*** Opening Given records ***
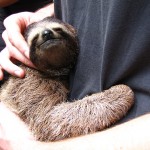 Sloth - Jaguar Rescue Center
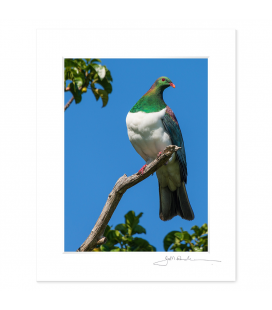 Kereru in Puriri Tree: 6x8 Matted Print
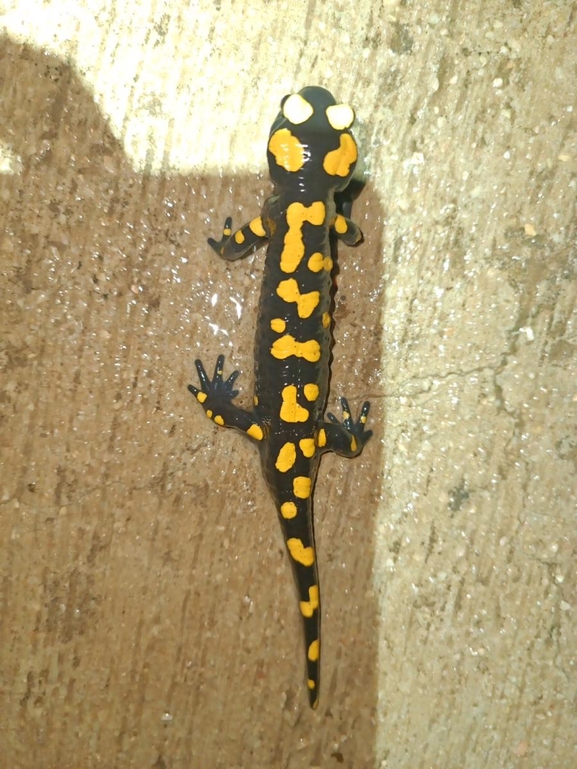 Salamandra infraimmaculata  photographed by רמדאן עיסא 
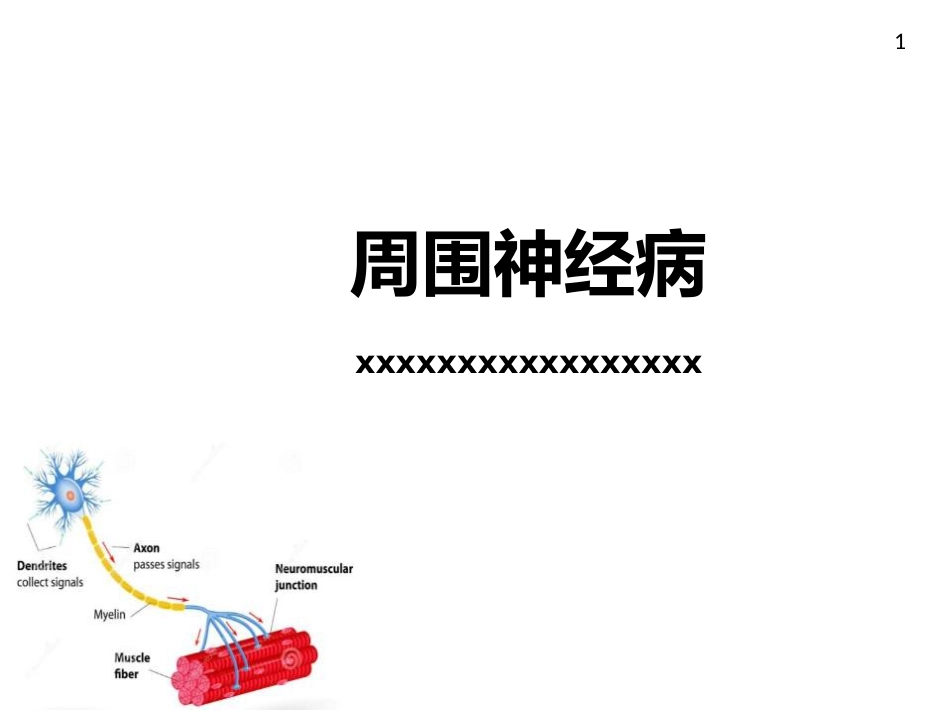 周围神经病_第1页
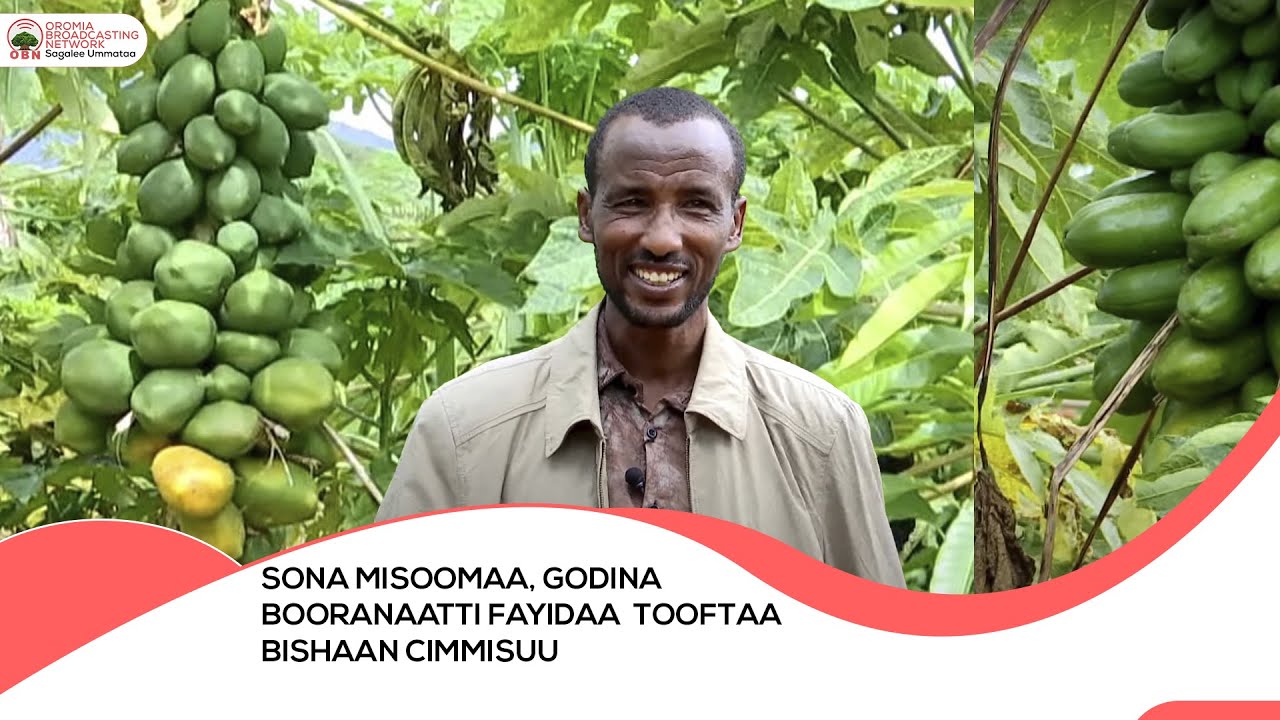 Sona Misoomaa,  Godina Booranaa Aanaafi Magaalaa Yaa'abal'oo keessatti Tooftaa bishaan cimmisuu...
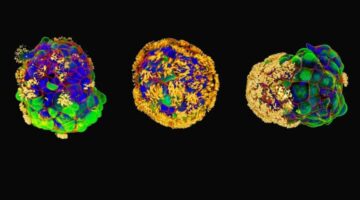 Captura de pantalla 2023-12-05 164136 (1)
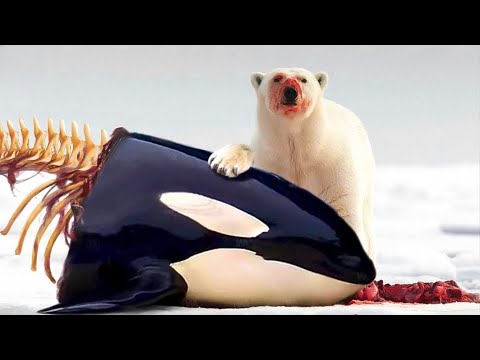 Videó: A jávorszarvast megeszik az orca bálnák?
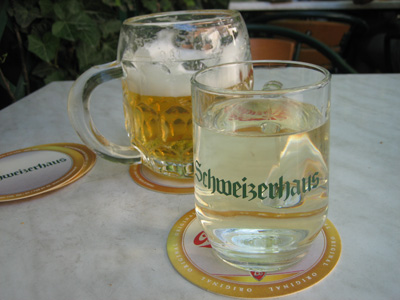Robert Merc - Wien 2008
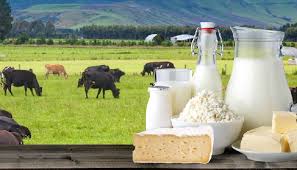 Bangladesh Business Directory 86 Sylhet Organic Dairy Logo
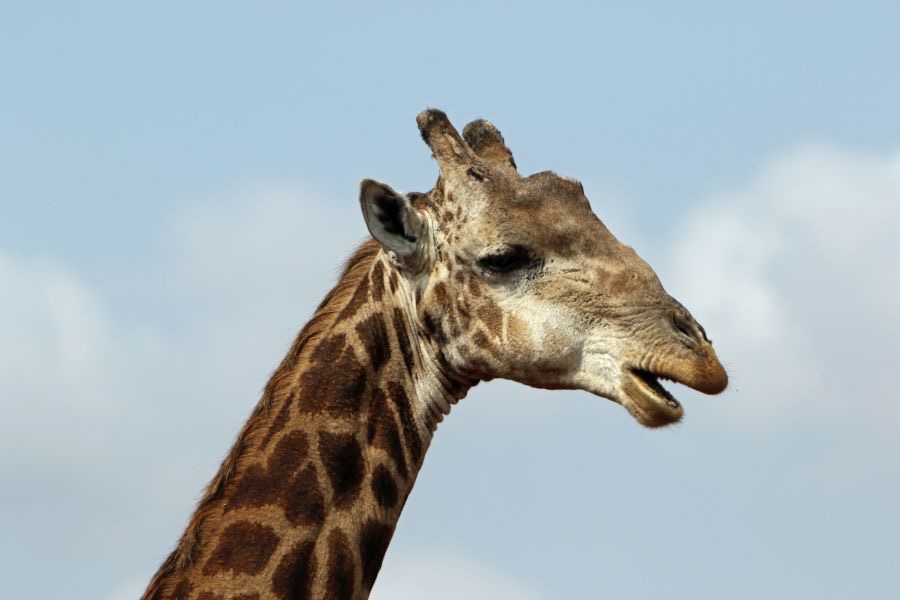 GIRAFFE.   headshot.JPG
*** Closing Given records ***
# Your goal
Could each line of the data be written out exactly, with no pictures included?

# Answer box
 Sloth - Jaguar Rescue Center
 Kereru in Puriri Tree: 6x8 Matted Print
 Salamandra infraimmaculata  photographed by רמדאן עיסא 
 周围神经病_第1页
 Sona Misoomaa,  Godina Booranaa Aanaafi Magaalaa Yaa'abal'oo keessatti Tooftaa bishaan cimmisuu...
 Captura de pantalla 2023-12-05 164136 (1)
 Videó: A jávorszarvast megeszik az orca bálnák?
Robert Merc - Wien 2008
 Bangladesh Business Directory 86 Sylhet Organic Dairy Logo
 GIRAFFE.   headshot.JPG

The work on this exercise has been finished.